**Exercise objective:** Quote the records that follow in full and exactly; leave out the pictures.

**Information given:**
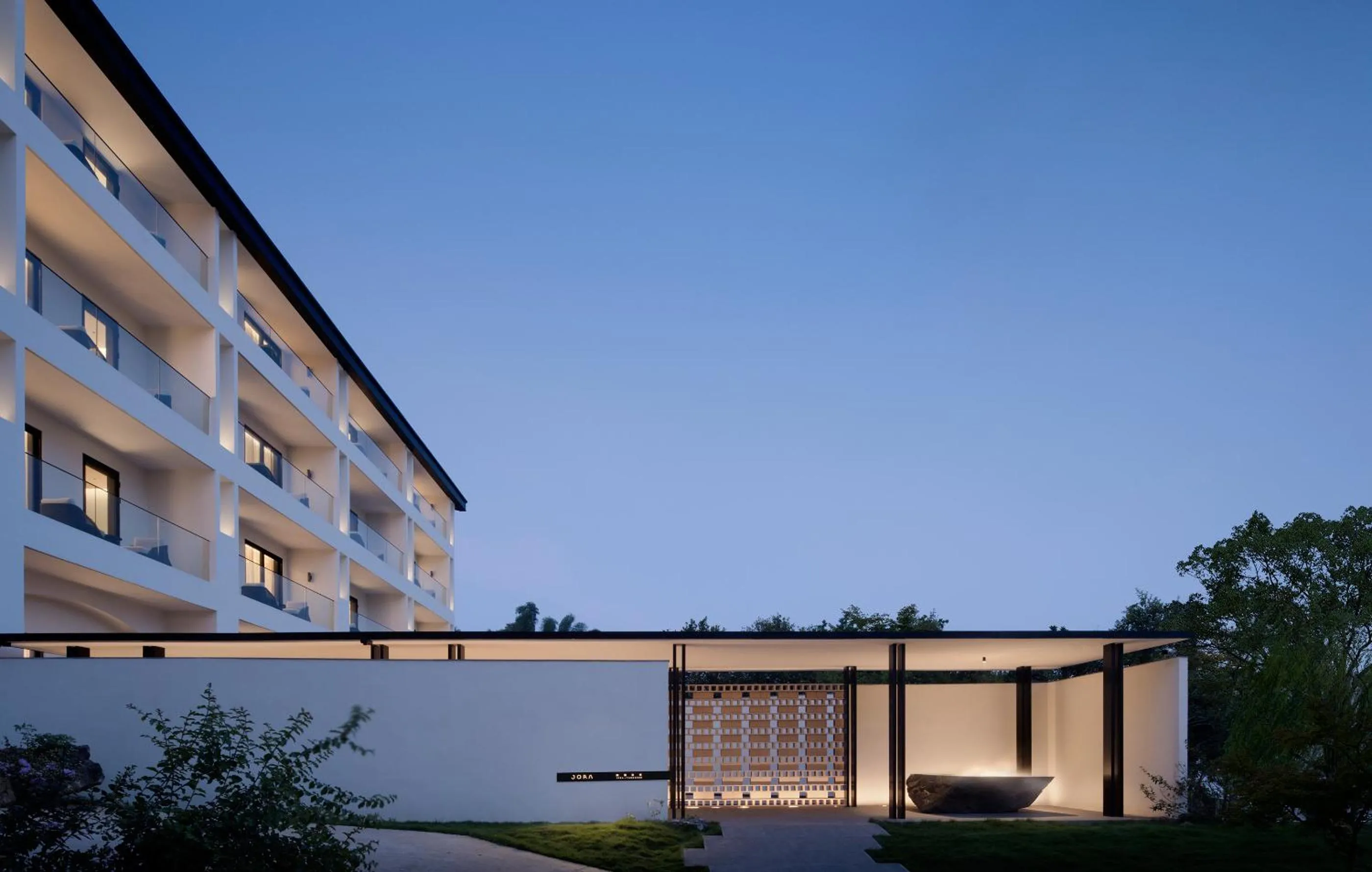 Property building in Guilin Yangshuo Jora Hotel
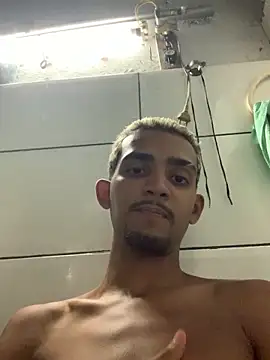 moreninhoP online show from 12-31-24, 02:08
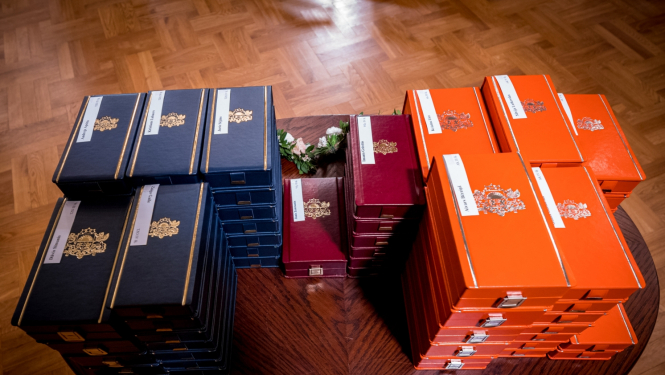 apbalvojumu kastītes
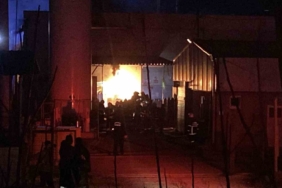 Gaz dolum tesisinde yangın: Tüpler alevlere teslim oldu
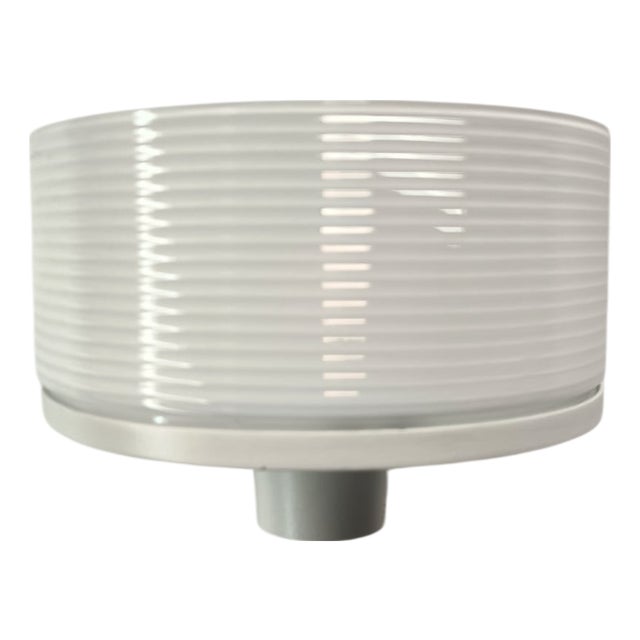 White Wall Light in Metal and Murano Glass from Leucos, 1980s For Sale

**Result below:**
 Property building in Guilin Yangshuo Jora Hotel
 moreninhoP online show from 12-31-24, 02:08
 apbalvojumu kastītes
 Gaz dolum tesisinde yangın: Tüpler alevlere teslim oldu
 White Wall Light in Metal and Murano Glass from Leucos, 1980s For Sale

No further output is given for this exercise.